**TASK STATEMENT:** Exactly the lines from the one containing "Husband and wife" through the end of the data, and nothing more, should be retyped; pictures stay out.

Short descriptive text snippets
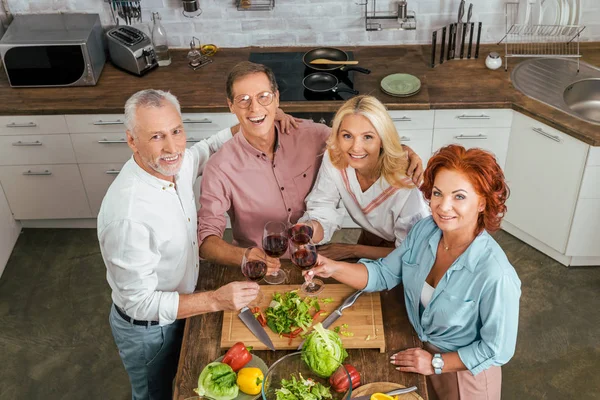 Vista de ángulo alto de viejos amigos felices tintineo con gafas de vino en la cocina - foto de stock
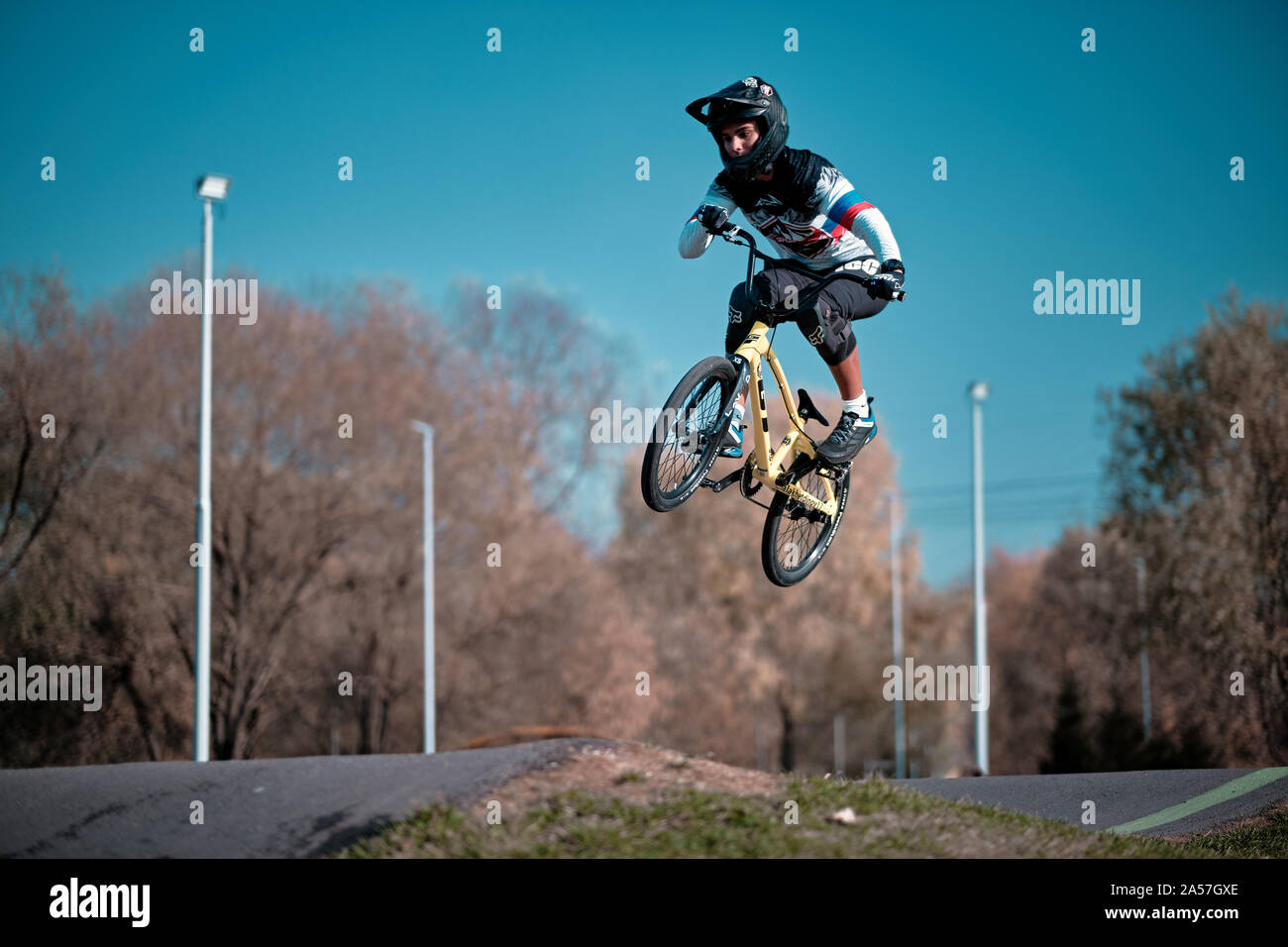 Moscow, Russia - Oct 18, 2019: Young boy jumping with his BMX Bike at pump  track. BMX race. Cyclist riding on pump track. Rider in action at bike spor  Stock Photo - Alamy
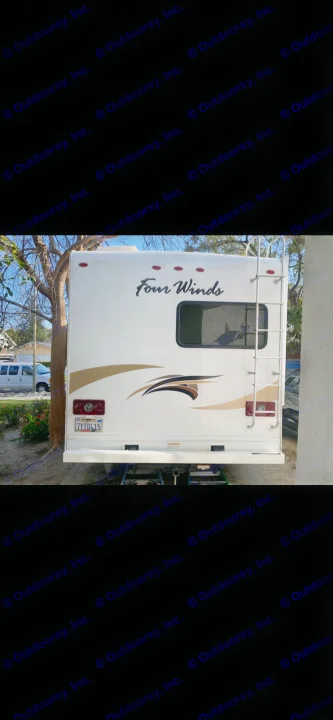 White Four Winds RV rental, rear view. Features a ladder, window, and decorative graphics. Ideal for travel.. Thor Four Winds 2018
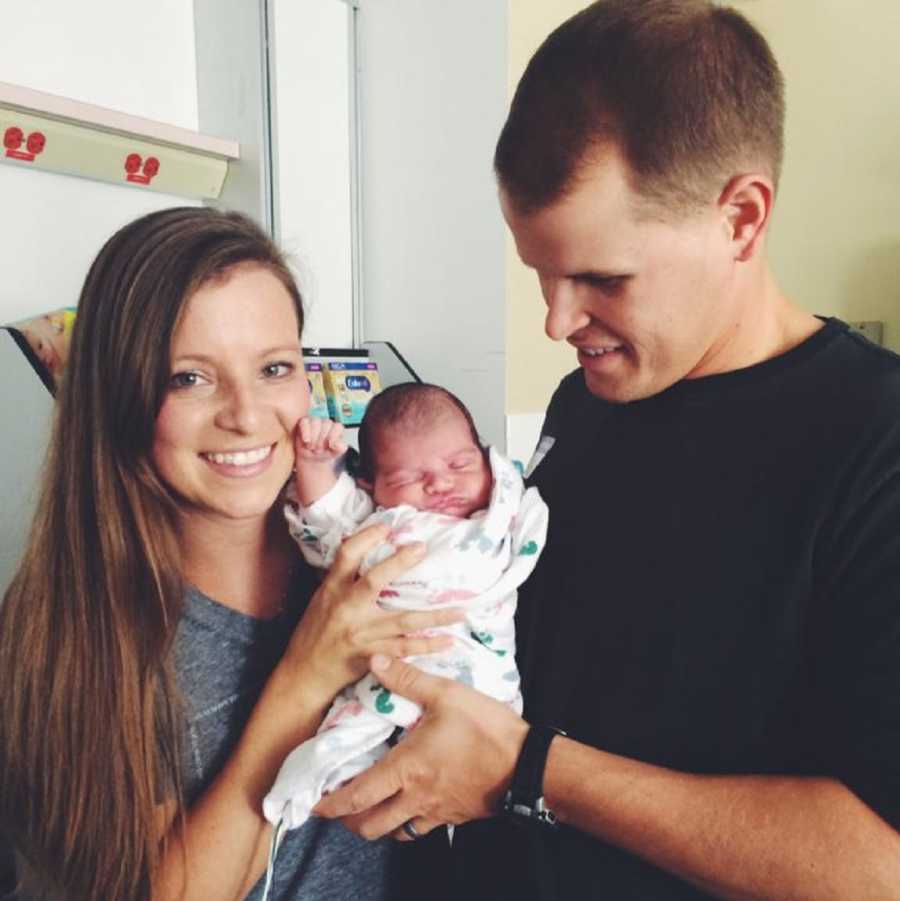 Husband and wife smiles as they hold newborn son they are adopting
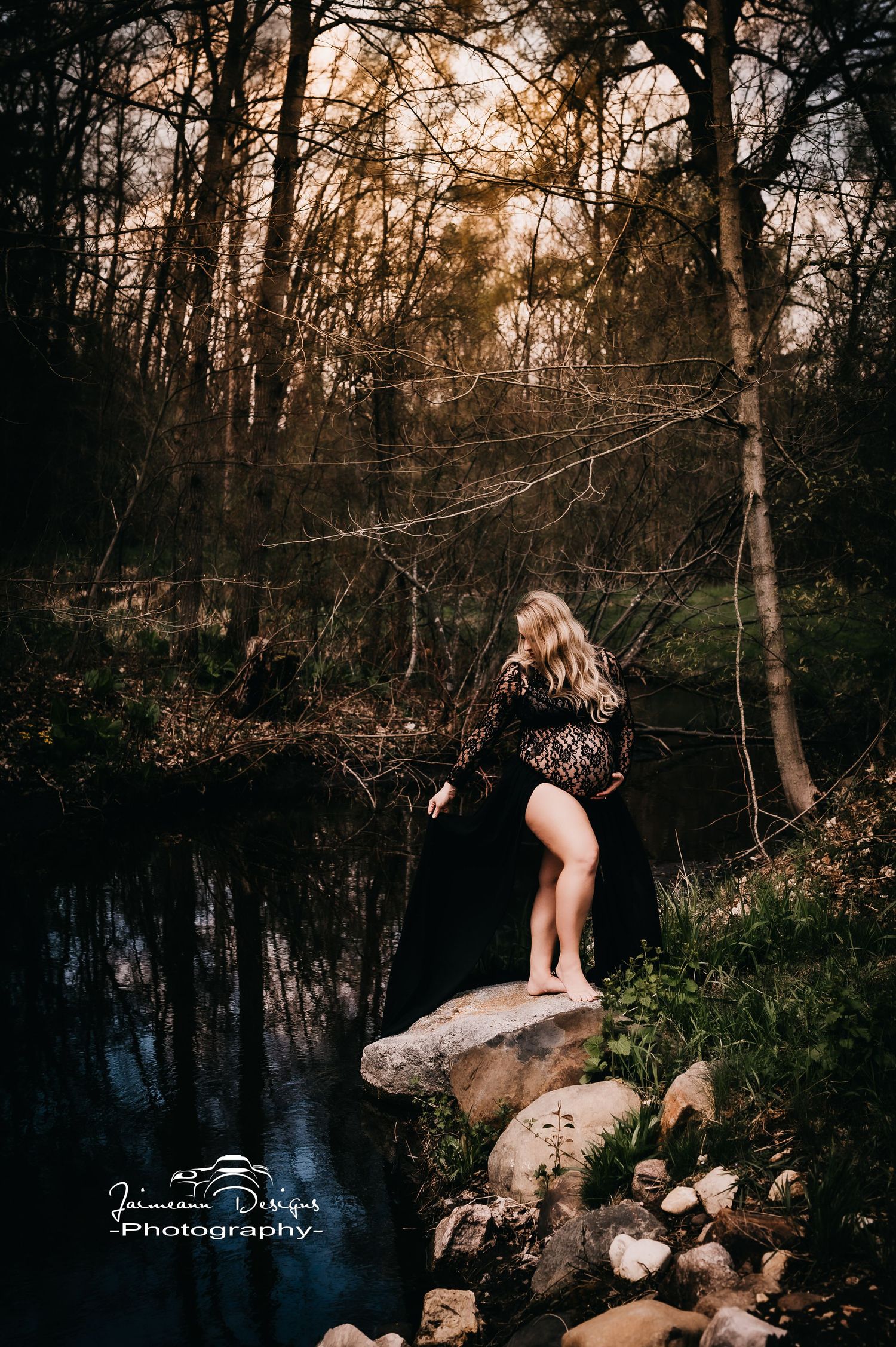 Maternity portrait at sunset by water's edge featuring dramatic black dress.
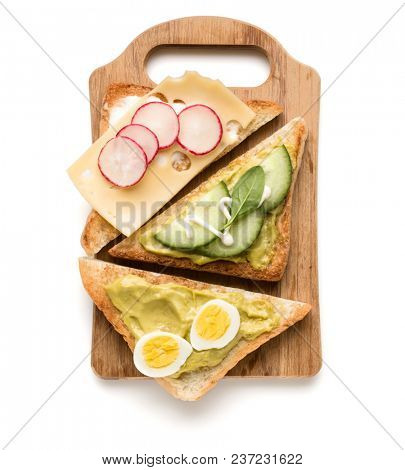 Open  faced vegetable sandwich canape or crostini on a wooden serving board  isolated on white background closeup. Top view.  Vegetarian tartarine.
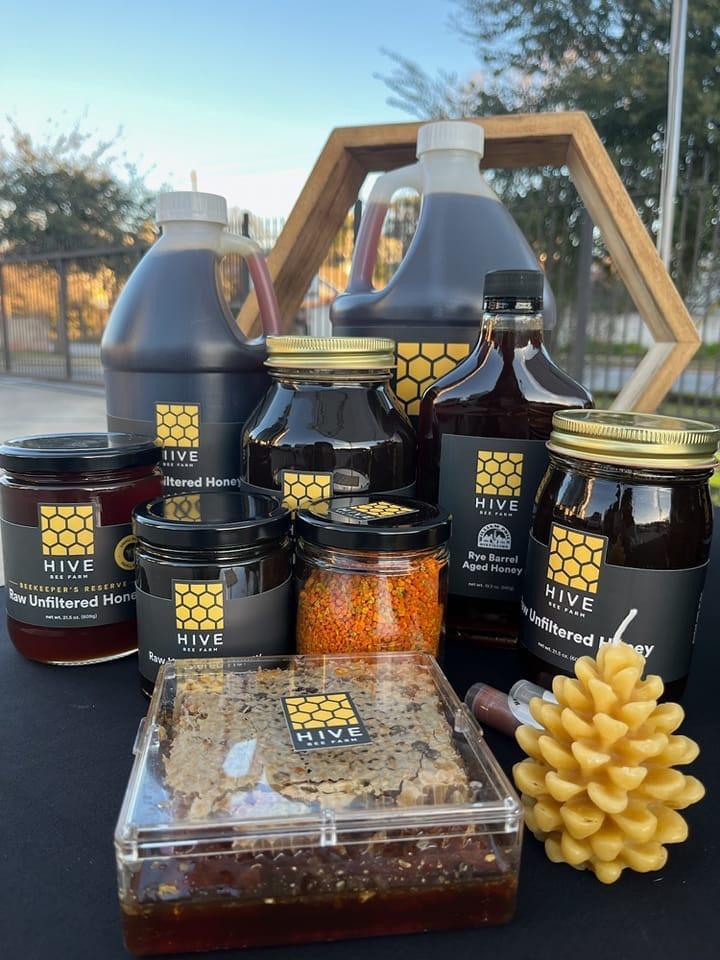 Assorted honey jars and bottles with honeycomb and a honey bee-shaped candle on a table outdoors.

**SOLUTION TO THIS EXERCISE:**
 Husband and wife smiles as they hold newborn son they are adopting
 Maternity portrait at sunset by water's edge featuring dramatic black dress.
 Open  faced vegetable sandwich canape or crostini on a wooden serving board  isolated on white background closeup. Top view.  Vegetarian tartarine.
 Assorted honey jars and bottles with honeycomb and a honey bee-shaped candle on a table outdoors.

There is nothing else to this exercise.